In a recent interview, Governor Pashtun noted that the existing police officers were so poorly trained that "they do not even know how to wear a uniform."

Kandahar's deputy police chief, Gen. Muhammad Salim, confirmed that these officers had received only a food allowance, but no salary, for 18 months. Residents of Kandahar complain that the police rob or take bribes to make a living.

Prison guards are believed to have taken bribes to allow the Taliban prisoners to dig a tunnel from their cell under the foundations 30 yards to the outer wall. They dumped the earth in a side room over a period of several weeks, officials at the prison said.

United Nations officials say the Taliban are handing out large sums of money, paying recruits $200 for each operation more if they kill a foreigner and $17 for every day spent on operations in Afghanistan, far more than the police are paid.

Aware that the United States is already training local police forces in Iraq, Mr. Pashtun said, "The Americans are learning from their experience in Afghanistan and are applying the lessons in Iraq."

Mr. Pashtun has already brought a new businesslike tone to the governor's office. Government officials, armed with rolls of planning papers and documents, shuttle in and out of his office for rapid meetings.

Gone are the turbaned elders and strongmen who used to fill the rooms and courtyards, waiting for handouts from the previous governor, Gul Agha Shirzai. "His pockets were deep," one local official said of the previous governor.

The former governor reaped millions of dollars from customs duties at the nearby border with Pakistan, but Mr. Pashtun is sending the customs duties to Kabul, United Nations officials say.

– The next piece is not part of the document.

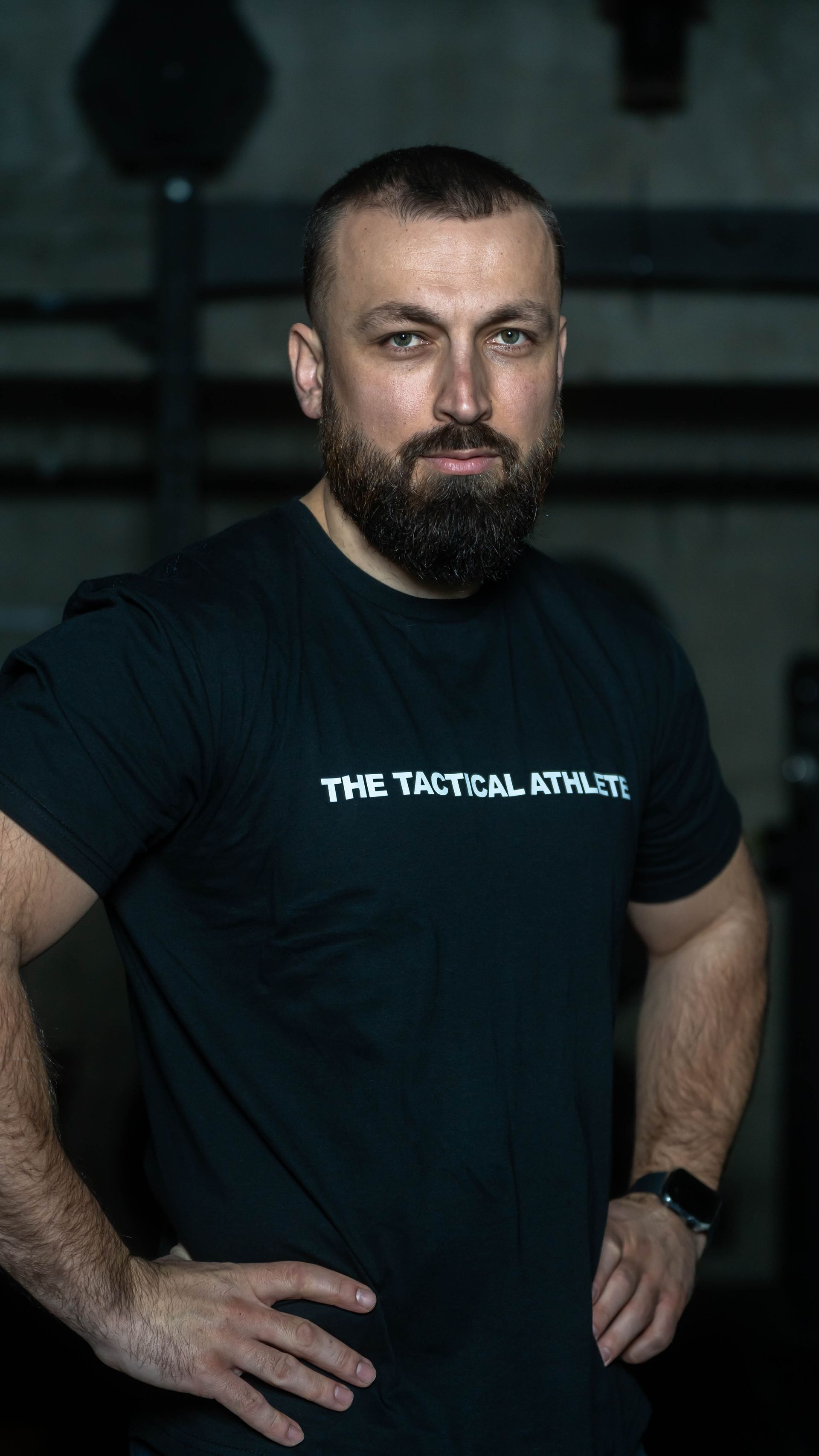 A man with a beard wearing a black t-shirt is standing with his hands on his hips.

That move should improve relations with the central government, but it will upset tribal leaders used to handouts for their communities, and it leaves Mr. Pashtun dependent on the notoriously slow and indifferent Kabul authorities for budget and reconstruction.

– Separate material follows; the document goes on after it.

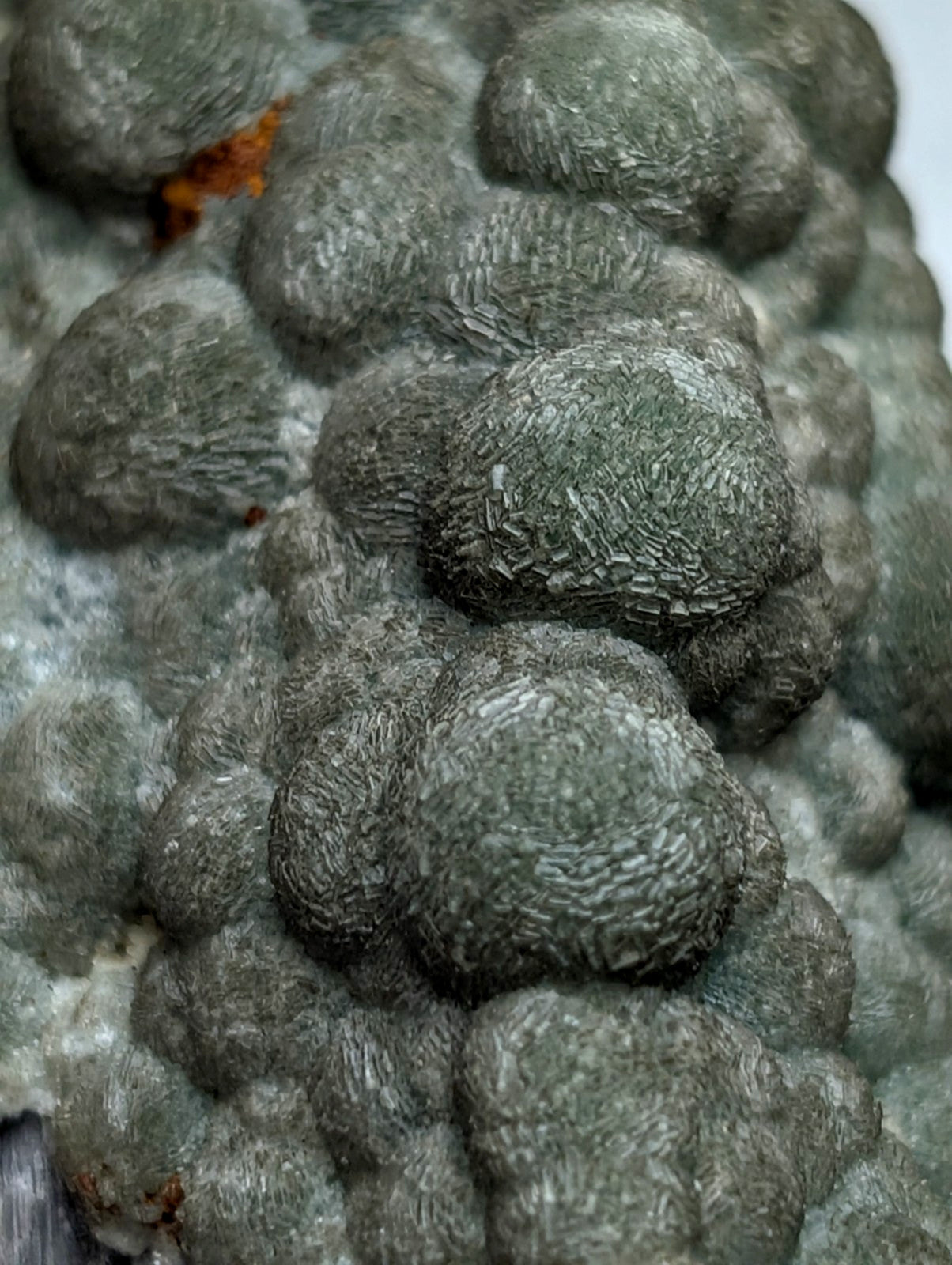 Uv reactive green wavellite cluster from mauldin mountain arkansas with gray textured mineral and rounded bulbous formations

Aid agencies complain that they cannot drive on even the main highways between the provincial capitals for fear of attacks by gunmen, since aid workers and government officials have been the targets of the suspected Taliban guerrillas.

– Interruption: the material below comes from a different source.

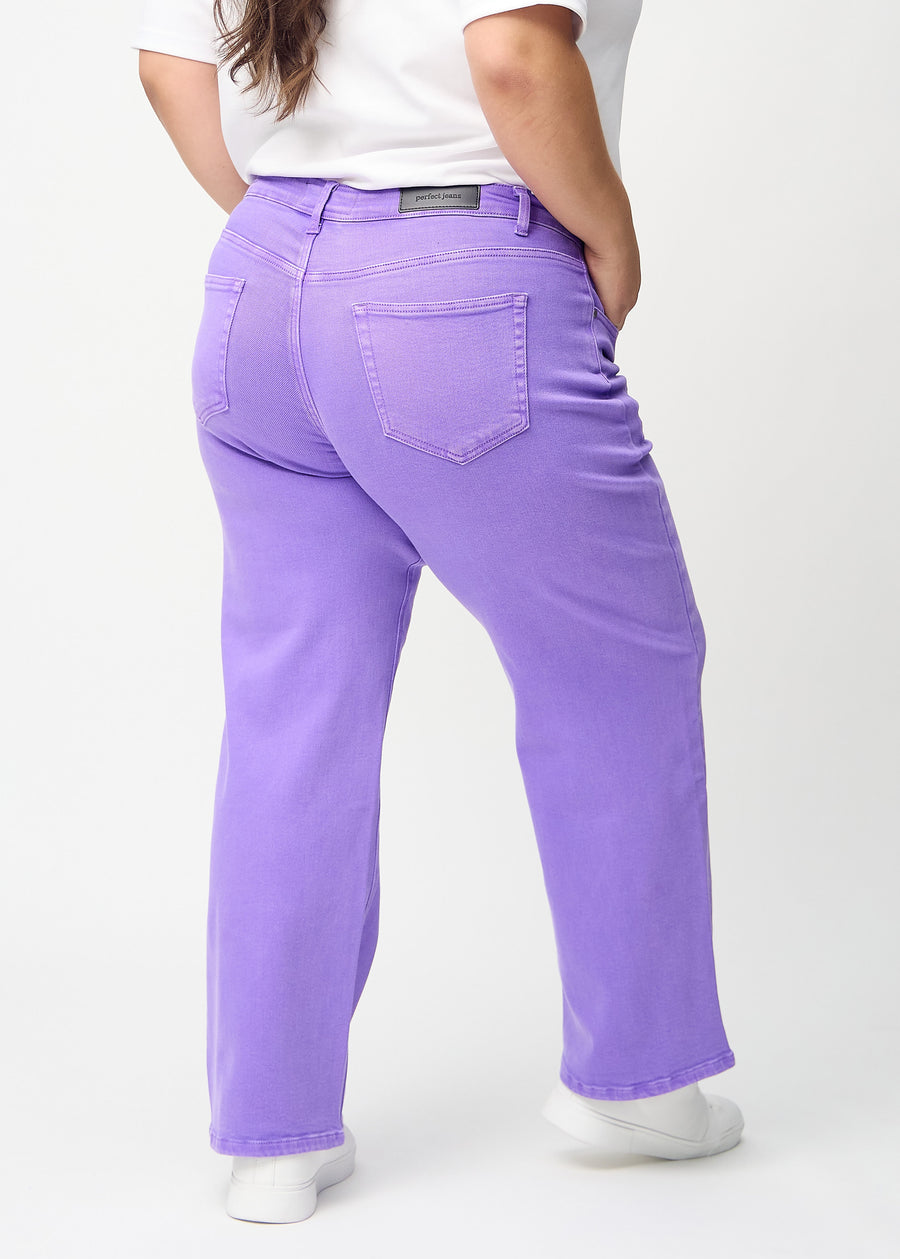 Purple loose jeans seen from the back on a plus-size model, so the full product can be seen.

The Voluntary Association for the Rehabilitation of Afghanistan, an Afghan agricultural aid agency, stopped working in Helmand Province, west of Kandahar, after two of its staff members were shot and killed in September.

In the other provinces the association's workers, all Afghans, travel by public transport, without any documents to connect them with their work, said Najmuddin Mojadedi, the group's director.

Since last year, the number of foreign aid agencies operating in Kandahar is down to only 6 or 7 from 24 that operated here last year, and none of them work in the neediest, most remote areas.

Mr. Pashtun reckons he has six months to turn things around or the situation will deteriorate beyond control. "At the moment there is a vicious circle, no security and so no development," he said. "The Taliban want that to create more discontent. I have to break this vicious circle, bring more security and make a bigger ground for development."

He wants major assistance to train and equip and pay a police force of 2,000 officers within six months to provide enough security for Afghan aid agencies to reach remote districts in the region. The international aid agencies would wait longer, he said.

Funds have been promised by the United States, and there are plans for a police training center in Kandahar. But, Mr. Pashtun said, "so far I am talking philosophy it needs more action."